--- START ---
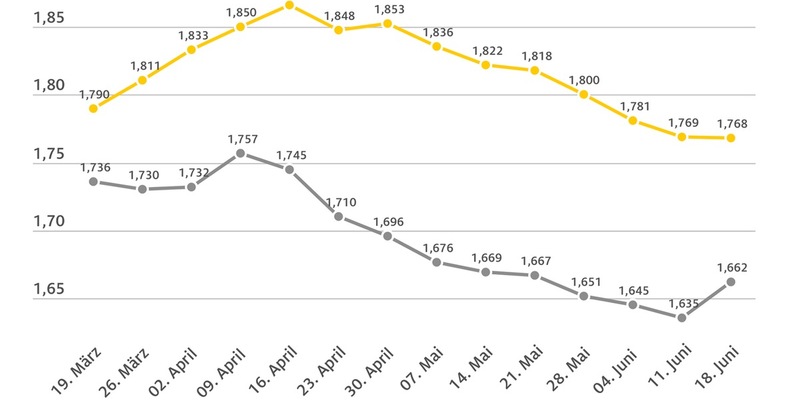 Dieselpreis klettert deutlich nach oben / Preis für Super E10 bleibt etwa auf dem Niveau der Vorwoche / Ölpreis legt weiter zu - Foto: presseportal.de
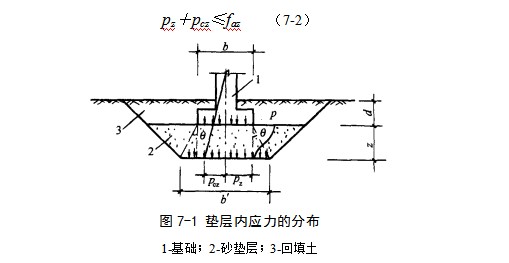江汉地基处理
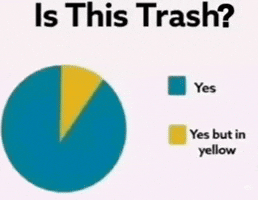 Yes No GIF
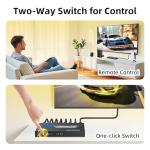 7-Port HDMI Switch with Remote, 4K Support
--- END ---
## Instructions to follow:
An exact reproduction of the data is needed, with no pictures included.

## Output for this exercise:
 Dieselpreis klettert deutlich nach oben / Preis für Super E10 bleibt etwa auf dem Niveau der Vorwoche / Ölpreis legt weiter zu - Foto: presseportal.de
江汉地基处理
 Yes No GIF
 7-Port HDMI Switch with Remote, 4K Support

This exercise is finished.